I declare that all statements in this enrollment form are complete and true and I understand that they are the basis on which coverage may be issued under the plan. I understand that coverage is subject to underwriting acceptance, and if accepted, will not be effective until the first of the month following underwriting approval.
As a condition to participation in and receiving benefits under this plan, covered persons and their dependents agree:
- To reimburse the plan for any such benefits paid, to or on their behalf, when said benefits are recovered, in any form, from any person, corporation, entity, no fault coverage, uninsured motorist coverage, underinsured motorist coverage, other insurance policies or fund and;
- Without limiting the preceding, to subrogate the Plan to any and all claims, causes of action or rights that they have or that may arise against any person, corporation and/or other entity who has or may have caused, contributed to, or aggravated the injury or condition for which the covered person(s) and/or their dependent claims an entitlement to benefits under this plan, and to any claims, causes of action or rights they may have against other fault coverage, uninsured motorist coverage, underinsured motorist coverage, other insurance policies or funds ("Coverage").

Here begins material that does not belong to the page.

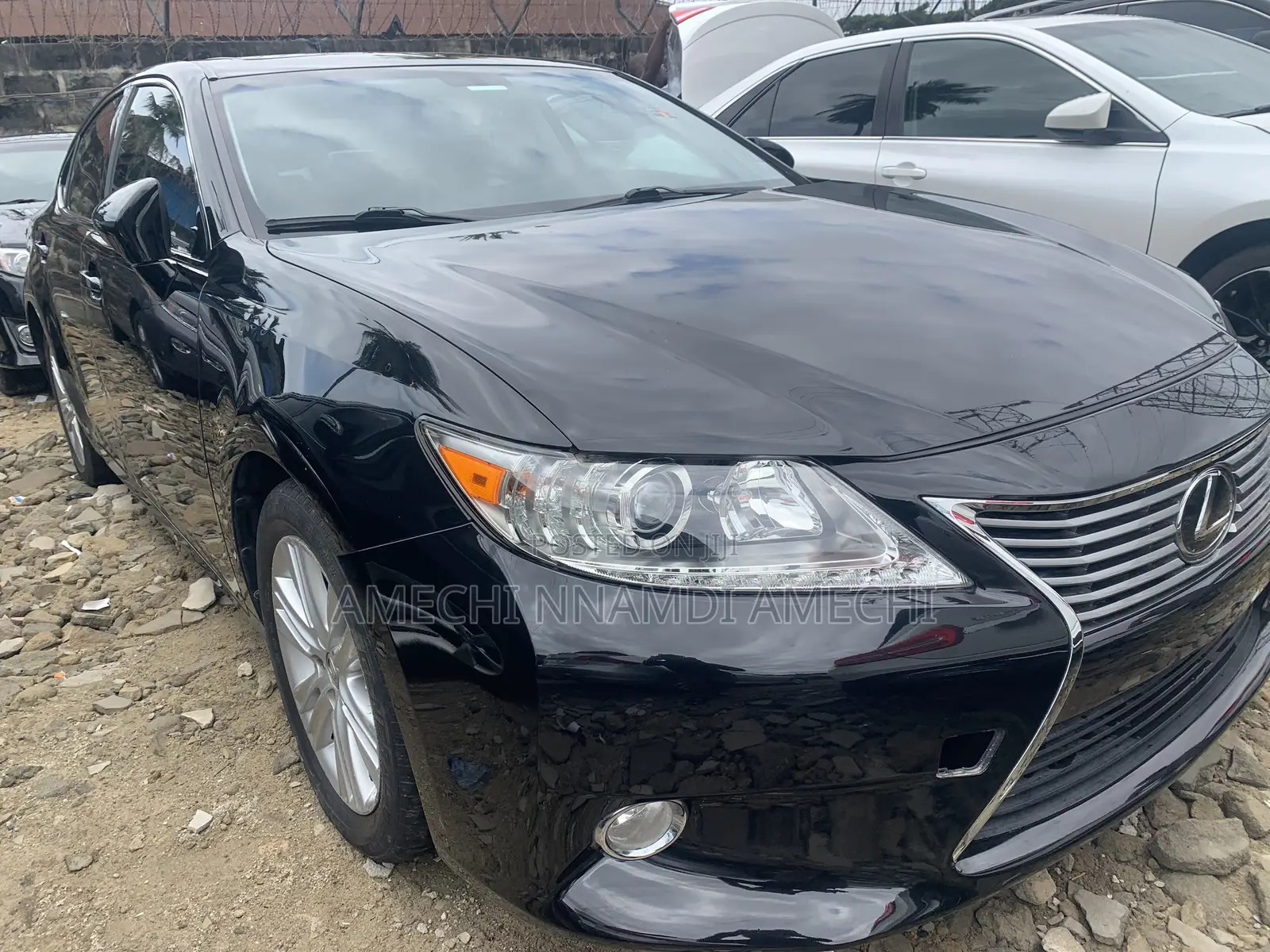 Lexus ES 350 FWD 2015 Black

In the event a covered person or dependant settles, recovers or is reimbursed by any third party or Coverage, the covered person or dependent agrees to hold any such funds received in trust for the benefits of the Plan, and to reimburse the Plan for all benefits paid or that will be paid as a result of said injury condition. The covered person and dependent(s) agree that they will make a decision on pursuing any and all third parties and Coverage within thirty (30) days of the date of the accident or occurrence which led to the injury or condition for which plan benefits are sought, and within said thirty day period will so notify the Plan in writing. In the event the covered person or dependent decides not to pursue any and all third parties of Coverage, or fails to notify the Plan within thirty (30) days of said accident or occurrence of it's intent to do so, the covered person and any dependents authorize the plan to pursue, sue, compromise or settle any such claims in their name, to execute any and all documents necessary to pursue said claims, and agrees to fully cooperate with the Plan in the prosecution of any such claims. The Plan will not pay or be responsible, without it's written consent, for any fees or costs associated with a covered person or dependent pursing a claim against any third party or coverage.